Q9. Can you share any memorable feedback or reactions you’ve received from readers about your work?

A lot of positive feedback, someone told me, that my kind of writing is necessary and I should never stop writing. My poems have been called music. Someone also asked me if I knew how special and talented I am. I feel fulfilled knowing that people are appreciating my work. My works have been called brilliant and sometimes even if I want to withdraw submissions, the publishers almost never agree to let the work go.


Q10. Finally, what role do you think literature plays in society, and how do you hope your writing contributes to that?

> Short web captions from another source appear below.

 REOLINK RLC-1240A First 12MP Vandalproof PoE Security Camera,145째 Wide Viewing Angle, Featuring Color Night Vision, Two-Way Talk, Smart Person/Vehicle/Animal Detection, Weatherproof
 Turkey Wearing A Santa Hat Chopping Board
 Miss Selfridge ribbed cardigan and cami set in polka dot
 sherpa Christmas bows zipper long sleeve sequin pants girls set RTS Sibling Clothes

Literature is like a documentation of the society around us, you get to experience someone’s world from the comfort of the room. Through literature, we can be activists, fighting for just causes and lending our voices to different discourses that affect us. I must say that my writing has drawn eyes to important parts of our world we are not paying much attention to for example climate change. This year, I won second prize in the Norwegian Dissolution climate change contest and I was happy that a story about my village and the effects of climate change was recognized in faraway Norway. It draws attention to our world and to people who are not a part of it. Literature unites the world.

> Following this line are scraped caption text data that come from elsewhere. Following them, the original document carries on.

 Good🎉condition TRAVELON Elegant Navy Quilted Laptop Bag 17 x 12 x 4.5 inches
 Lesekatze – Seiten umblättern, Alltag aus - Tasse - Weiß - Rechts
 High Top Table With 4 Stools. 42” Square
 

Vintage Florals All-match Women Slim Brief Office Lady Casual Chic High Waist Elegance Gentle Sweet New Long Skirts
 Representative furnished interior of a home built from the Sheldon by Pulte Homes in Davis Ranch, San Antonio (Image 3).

Udochukwu Chidera Amarachi is a Nigerian writer and pharmacist. She was the second-place winner in the 2023 AS Abugi Short Story Prize. She won the third position in the 2023 BKPW Poetry Contest. She was also shortlisted for the 2023 The Green We Left Behind CNF contest organized by the Arts Lounge Literary Magazine. She won the 2022 Movement of the People Poetry Contest, the 2022 Shuzia Songs of Zion Poetry Contest, and the 2022 Shuzia Prose Contest. She won first runner-up in the prose category at the 2022 Lagos Hilltop Creative Arts Foundation contest. She also won an outstanding entry at the 2022 Chinua Achebe Poetry/Essay Anthology.

She is a contributor at Tabono Anthology, Tush Magazine, 2022 Chinua Achebe Poetry/Essay Anthology, Conscio Magazine, Ngiga Review, World Voices Magazine, Valiant Scribe, Our Stories Defined Anthology, Writer’s Hangout Initiative, Arts Lounge Literary Magazine, UI National Poetry Anthology, Aayo Magazine, Renata, and Writers Space Africa Magazine amongst others.